Further down are entries; set down exactly and only the lines from the one with "Vintage Champion Notre" up to and including the one with "Üç Gözlü Fermuarlı Gri Kadın Çapraz Çanta", dropping each picture.

[Dataset records]
□ □ □

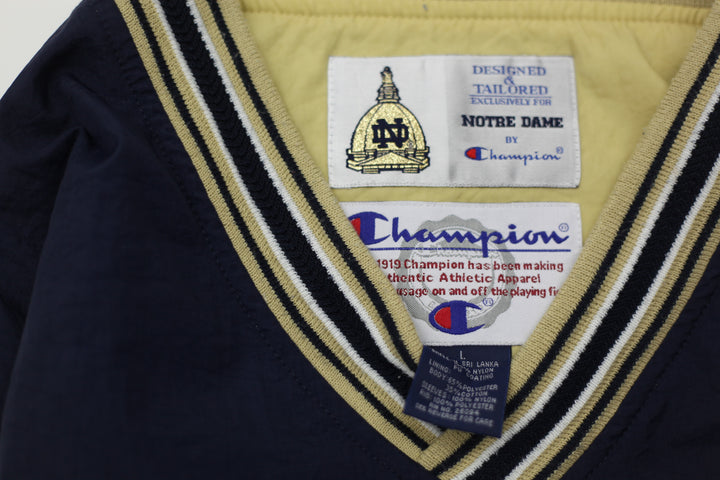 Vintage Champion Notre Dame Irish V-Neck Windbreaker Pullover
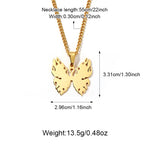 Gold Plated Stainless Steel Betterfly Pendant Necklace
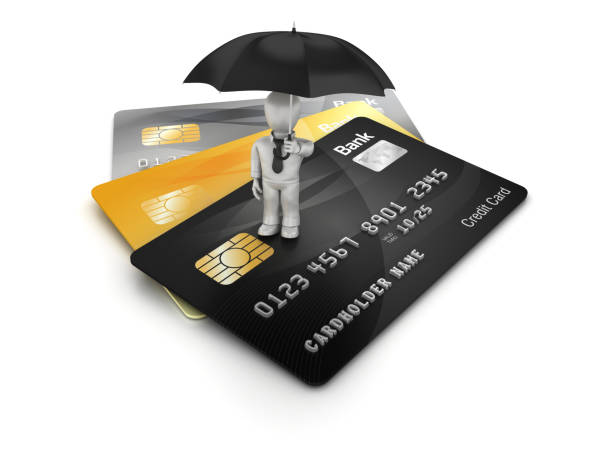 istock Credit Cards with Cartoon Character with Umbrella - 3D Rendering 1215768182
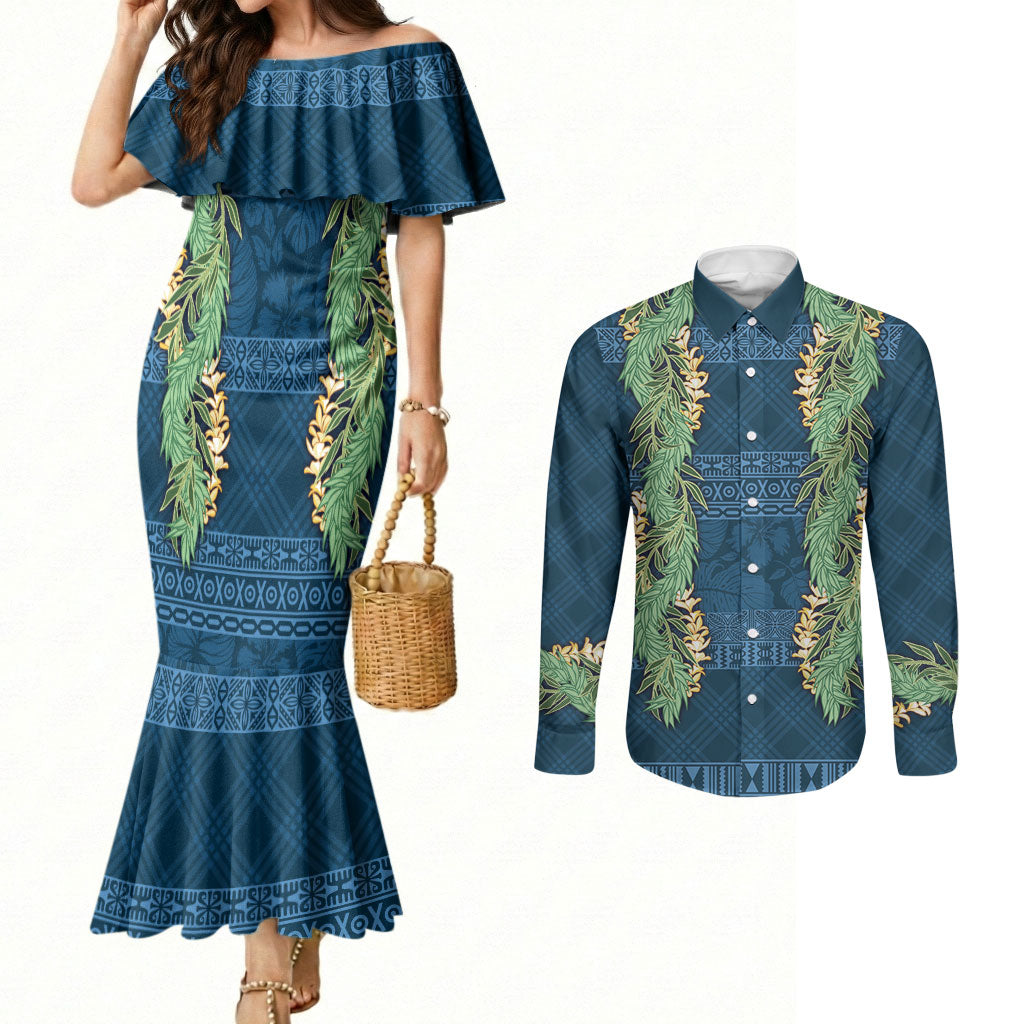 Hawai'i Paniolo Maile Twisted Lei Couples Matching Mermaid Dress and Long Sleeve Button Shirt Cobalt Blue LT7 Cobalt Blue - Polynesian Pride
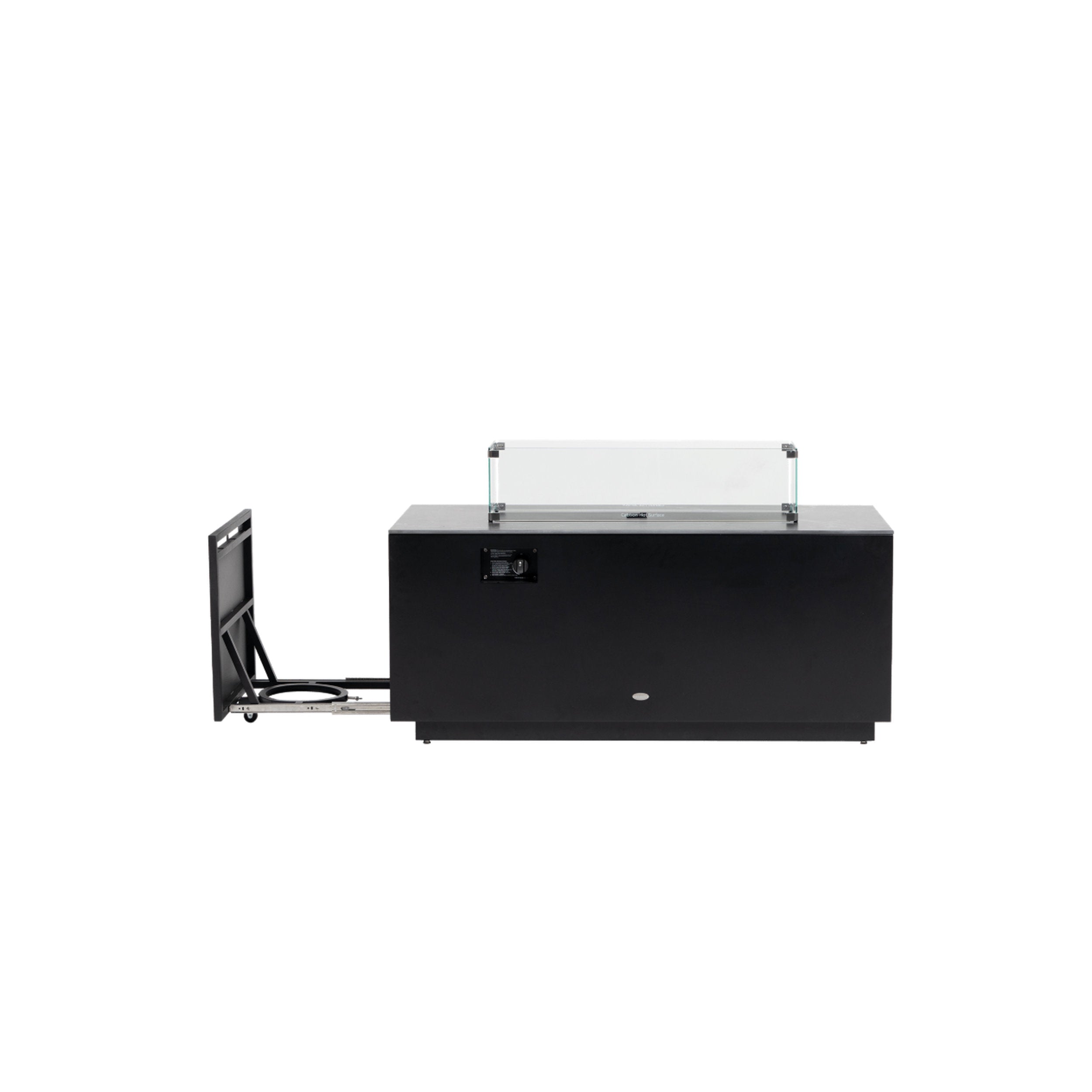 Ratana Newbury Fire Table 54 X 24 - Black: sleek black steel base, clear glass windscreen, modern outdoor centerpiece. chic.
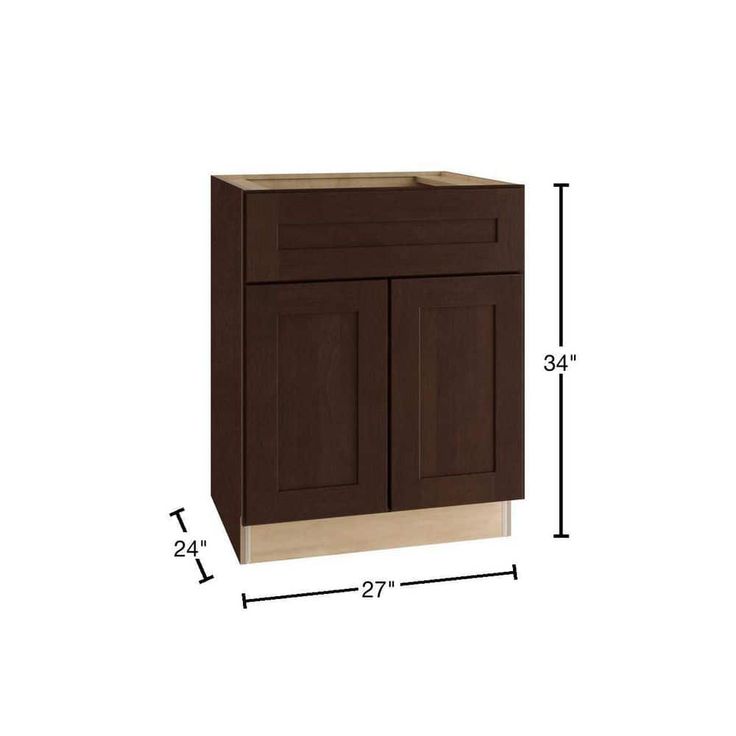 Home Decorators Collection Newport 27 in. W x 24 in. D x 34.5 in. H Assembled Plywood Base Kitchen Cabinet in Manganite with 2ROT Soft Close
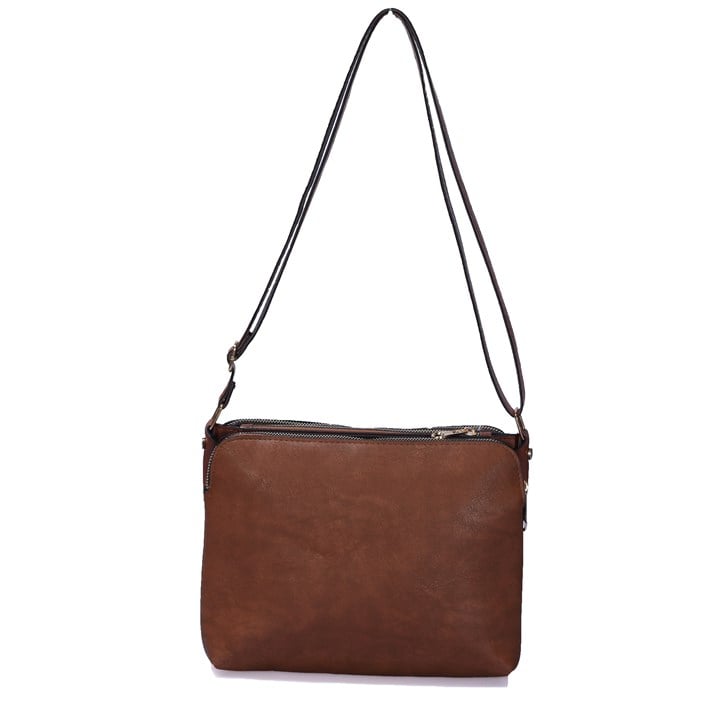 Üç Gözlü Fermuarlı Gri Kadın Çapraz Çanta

□ □ □

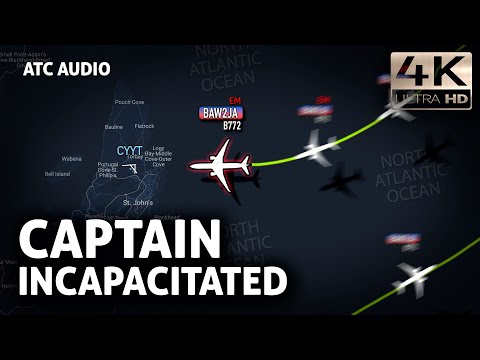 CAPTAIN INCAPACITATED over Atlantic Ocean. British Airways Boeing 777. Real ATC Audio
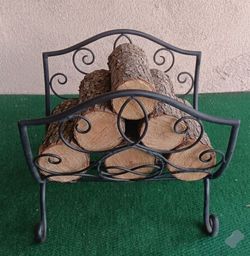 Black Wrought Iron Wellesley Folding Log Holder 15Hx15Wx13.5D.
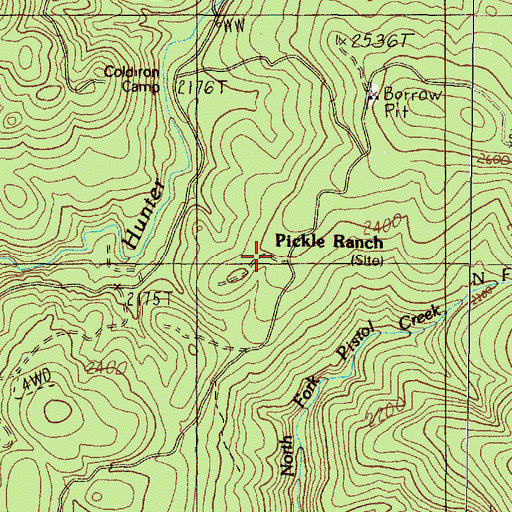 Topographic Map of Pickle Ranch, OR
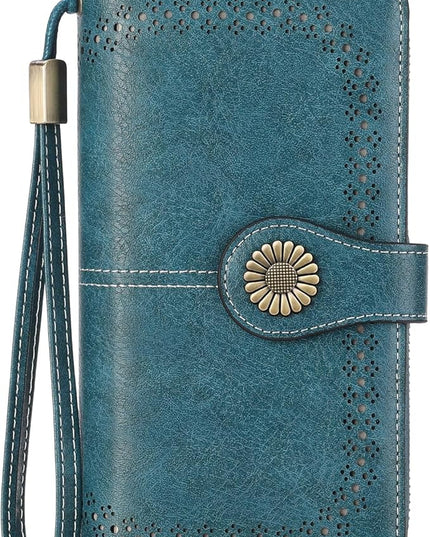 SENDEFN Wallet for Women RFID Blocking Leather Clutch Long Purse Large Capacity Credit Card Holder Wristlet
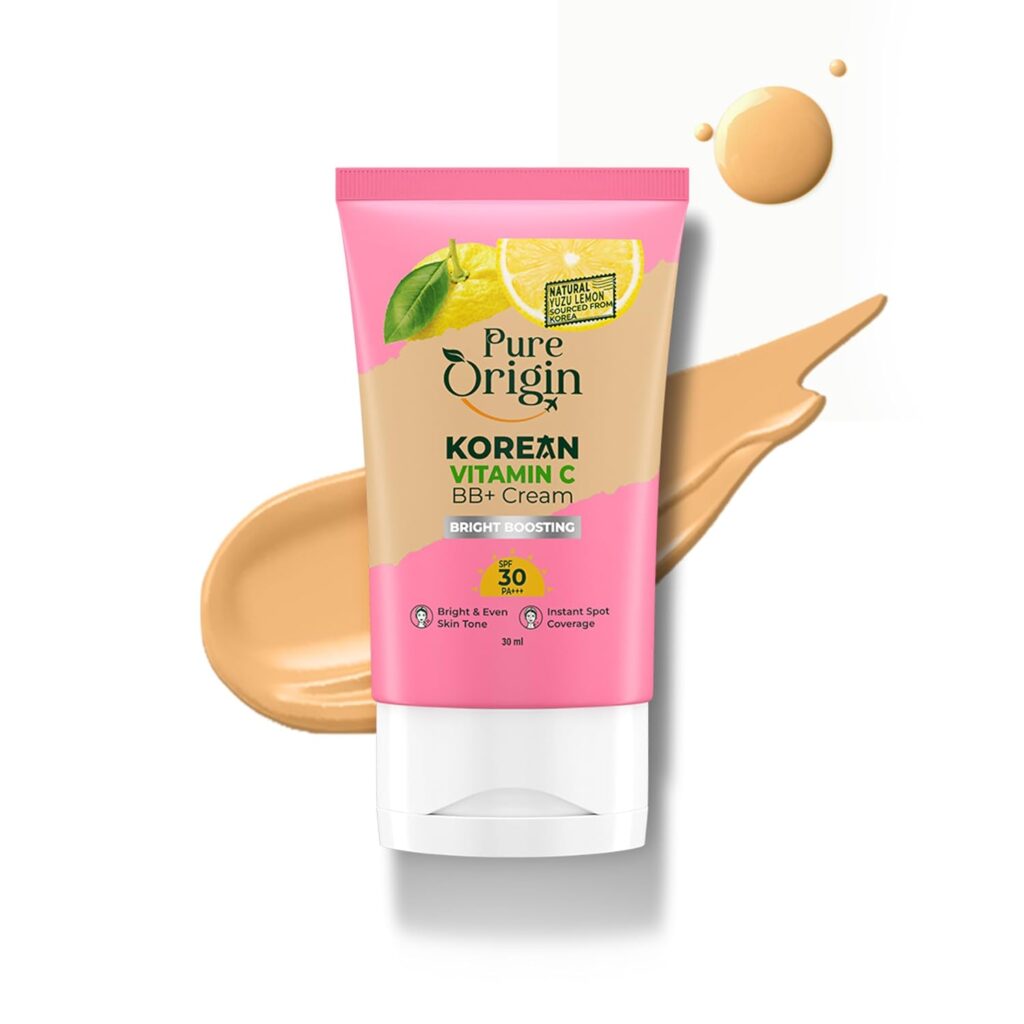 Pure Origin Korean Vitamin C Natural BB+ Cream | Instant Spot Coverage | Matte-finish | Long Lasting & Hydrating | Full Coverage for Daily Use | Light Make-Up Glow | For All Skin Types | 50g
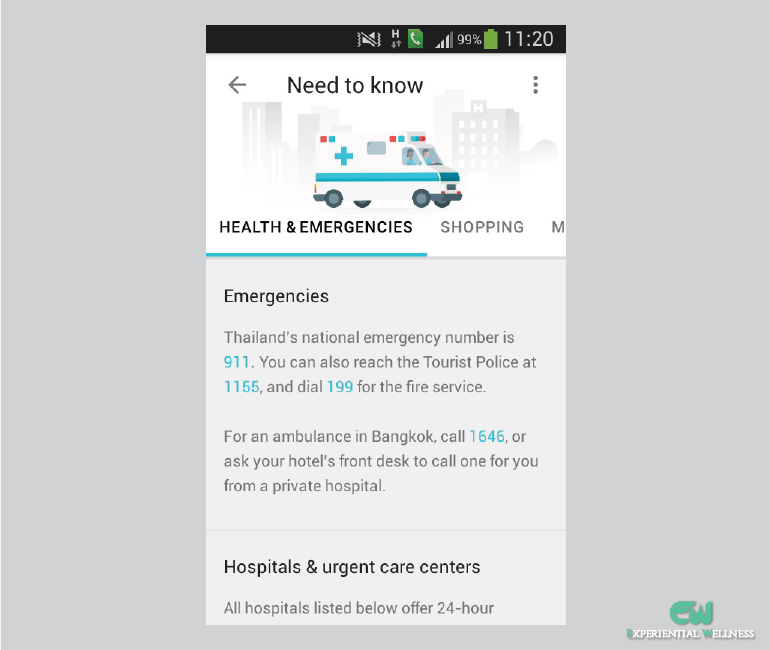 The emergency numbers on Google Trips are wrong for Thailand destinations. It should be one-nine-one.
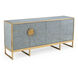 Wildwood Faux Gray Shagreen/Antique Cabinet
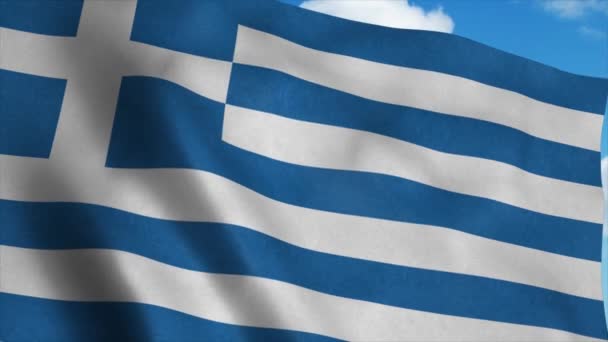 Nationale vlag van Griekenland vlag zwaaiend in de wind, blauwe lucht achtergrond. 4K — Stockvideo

□ □ □

_REPLY TO THE TASK_:
 Vintage Champion Notre Dame Irish V-Neck Windbreaker Pullover
 Gold Plated Stainless Steel Betterfly Pendant Necklace
 istock Credit Cards with Cartoon Character with Umbrella - 3D Rendering 1215768182
 Hawai'i Paniolo Maile Twisted Lei Couples Matching Mermaid Dress and Long Sleeve Button Shirt Cobalt Blue LT7 Cobalt Blue - Polynesian Pride
 Ratana Newbury Fire Table 54 X 24 - Black: sleek black steel base, clear glass windscreen, modern outdoor centerpiece. chic.
 Home Decorators Collection Newport 27 in. W x 24 in. D x 34.5 in. H Assembled Plywood Base Kitchen Cabinet in Manganite with 2ROT Soft Close
 Üç Gözlü Fermuarlı Gri Kadın Çapraz Çanta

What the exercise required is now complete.